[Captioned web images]
· · · · · · ·

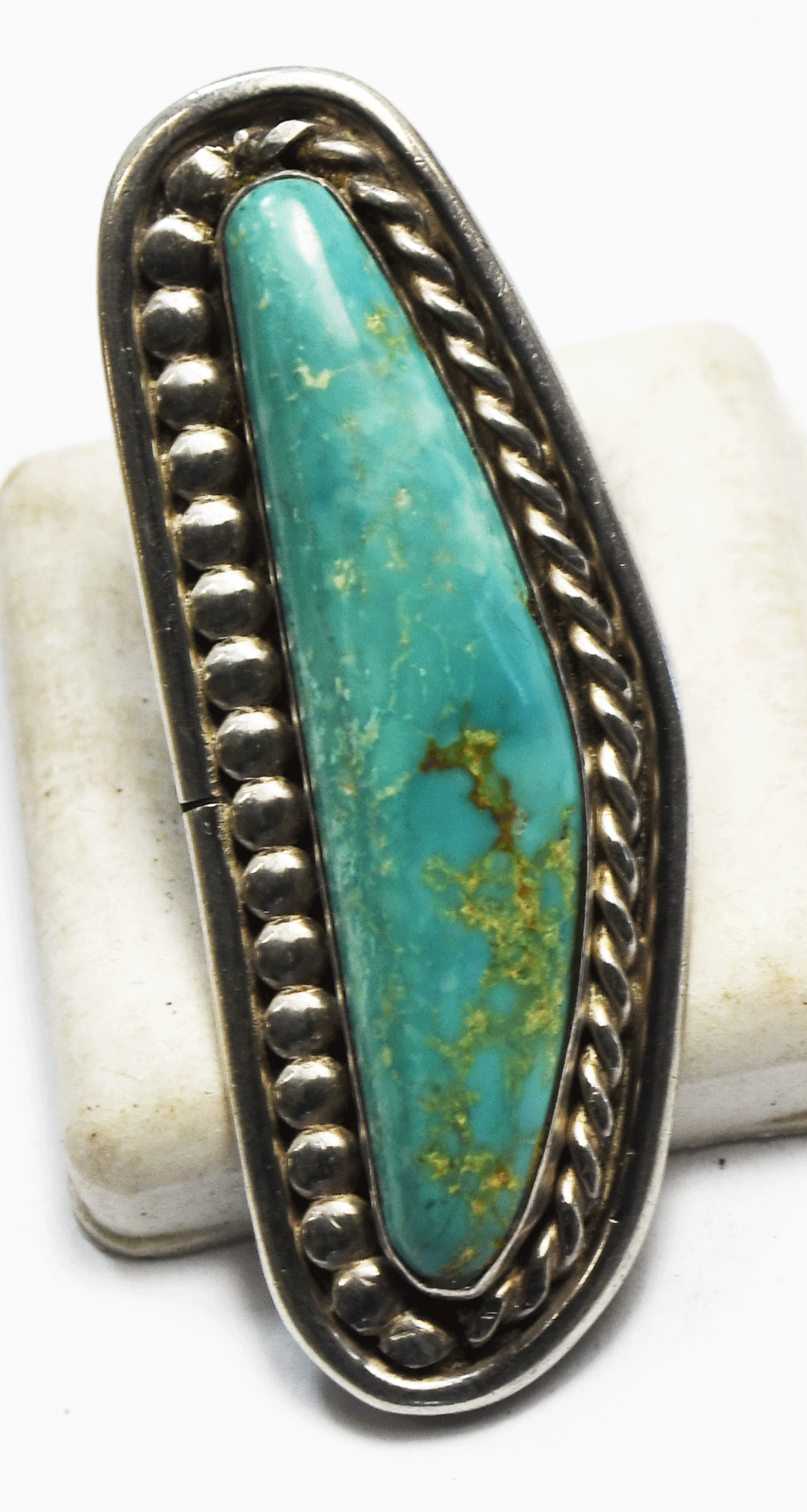 Sterling Silver Turquoise Elongated Long Boomerang Ring 57mm Size 7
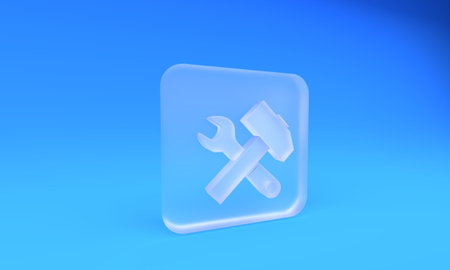 Frosted glass Crossed hammer and wrench icon isolated on blue background. Hardware tools. Square frosted glass button. 3D render illustration.の写真素材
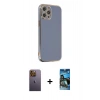 MARSİLYAN™- iPhone 12 Pro Max Kılıf Yankı Serisi - Siyah 34D Izgaralı Cam + Neon Fosforlu Kamera Lens - SI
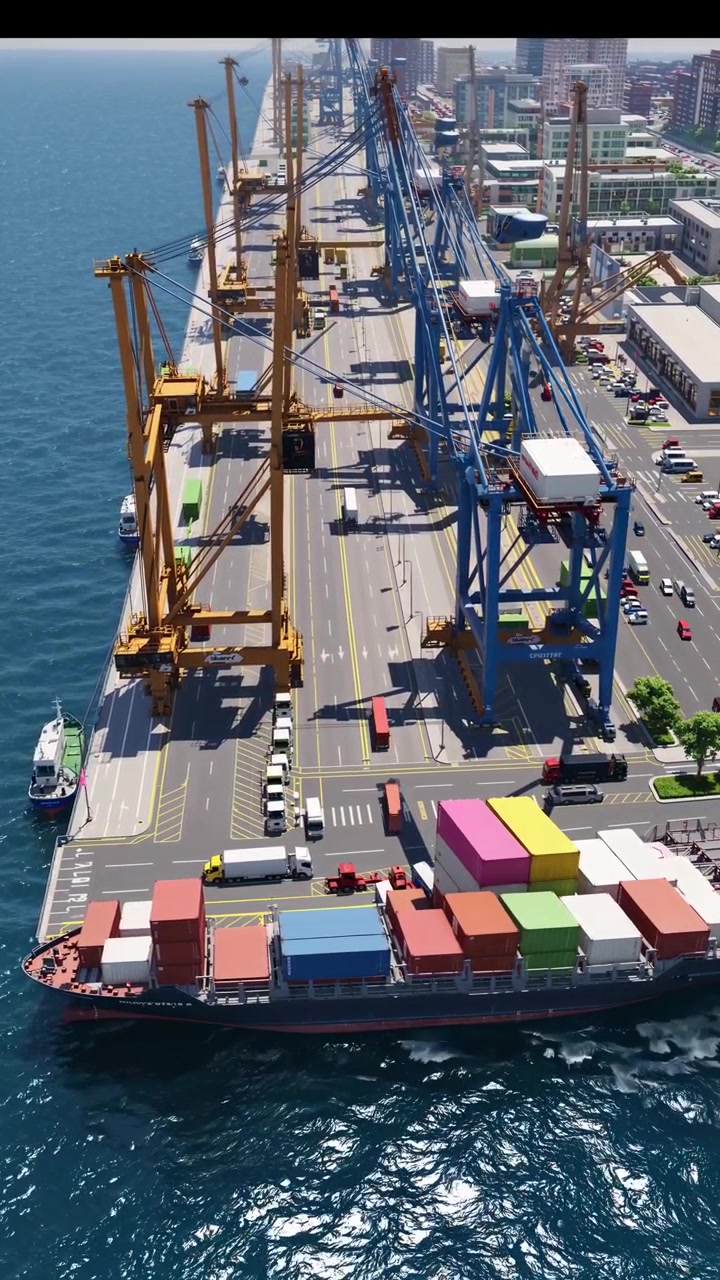 Vista aerea di porto commerciale trafficato con nave portacontainer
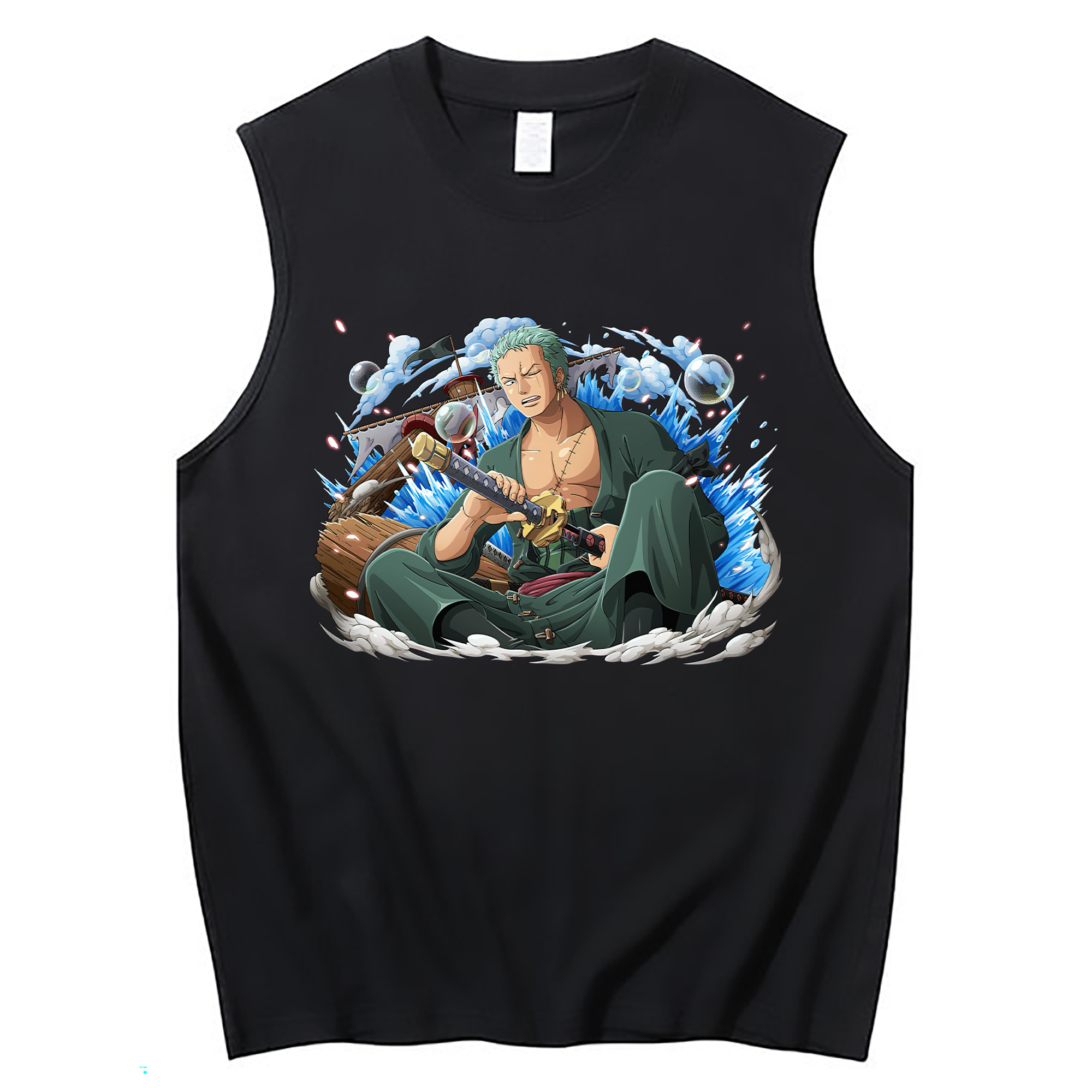 ワンピース ロロノア・ゾロ ONE PIECE Roronoa Zoro コットン100％タンクトップ（フロントプリント）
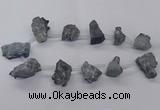 CTD2616 Top drilled 15*25mm - 25*35mm nuggets plated druzy quartz beads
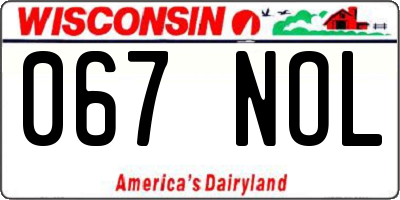 WI license plate 067NOL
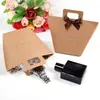 Tack Presentväska med handtag Fällbart Kraft Paper Wedding Party Favor Wrapping Candy Chocolate Perfume Packaging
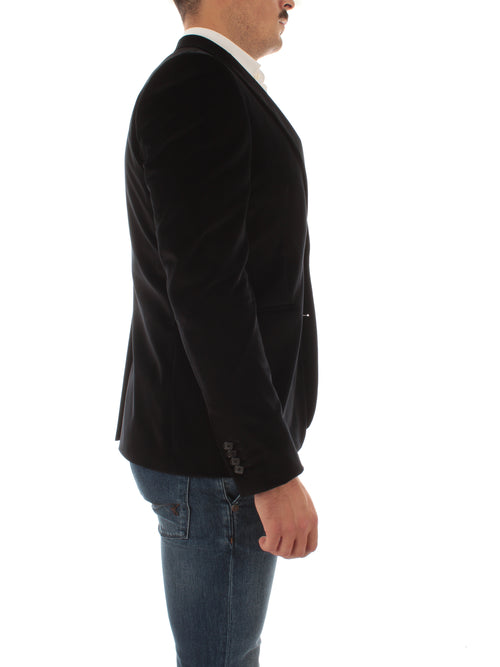 Tagliatore giacca in velluto nero da uomo,1FBR16A 800007
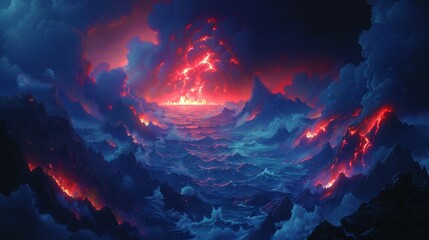 Surreal apocalyptic landscape with volcanic eruptions amidst turbulent clouds, a dramatic depiction of raw elemental forces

· · · · · · ·

[TASK INSTRUCTIONS]: Exactly the lines from the line that contains "WI license plate 067NOL" through the last line above, and no other lines, must be output, with pictures excluded.

[WRITTEN RESPONSE]:
 WI license plate 067NOL
 Tack Presentväska med handtag Fällbart Kraft Paper Wedding Party Favor Wrapping Candy Chocolate Perfume Packaging
 Tagliatore giacca in velluto nero da uomo,1FBR16A 800007
 Surreal apocalyptic landscape with volcanic eruptions amidst turbulent clouds, a dramatic depiction of raw elemental forces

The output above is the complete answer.